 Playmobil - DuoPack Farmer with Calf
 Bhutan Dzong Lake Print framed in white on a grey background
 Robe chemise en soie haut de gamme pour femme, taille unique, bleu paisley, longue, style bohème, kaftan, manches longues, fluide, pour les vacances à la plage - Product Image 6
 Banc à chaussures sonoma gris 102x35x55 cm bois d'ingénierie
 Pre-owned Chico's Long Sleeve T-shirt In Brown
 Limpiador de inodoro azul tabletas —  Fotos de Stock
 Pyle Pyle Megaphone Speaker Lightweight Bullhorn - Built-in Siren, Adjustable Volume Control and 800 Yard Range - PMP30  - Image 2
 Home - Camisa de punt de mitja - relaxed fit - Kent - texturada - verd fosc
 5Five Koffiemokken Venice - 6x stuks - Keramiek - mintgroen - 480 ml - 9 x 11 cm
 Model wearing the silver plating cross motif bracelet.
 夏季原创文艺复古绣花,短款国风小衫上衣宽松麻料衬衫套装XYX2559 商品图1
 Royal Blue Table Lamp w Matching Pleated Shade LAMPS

◆ The task: Could you restate, word for word, the lines above from the one with "Banc à chaussures" to the one with "Pyle Pyle Megaphone", both included?

◆ Response area:
 Banc à chaussures sonoma gris 102x35x55 cm bois d'ingénierie
 Pre-owned Chico's Long Sleeve T-shirt In Brown
 Limpiador de inodoro azul tabletas —  Fotos de Stock
 Pyle Pyle Megaphone Speaker Lightweight Bullhorn - Built-in Siren, Adjustable Volume Control and 800 Yard Range - PMP30  - Image 2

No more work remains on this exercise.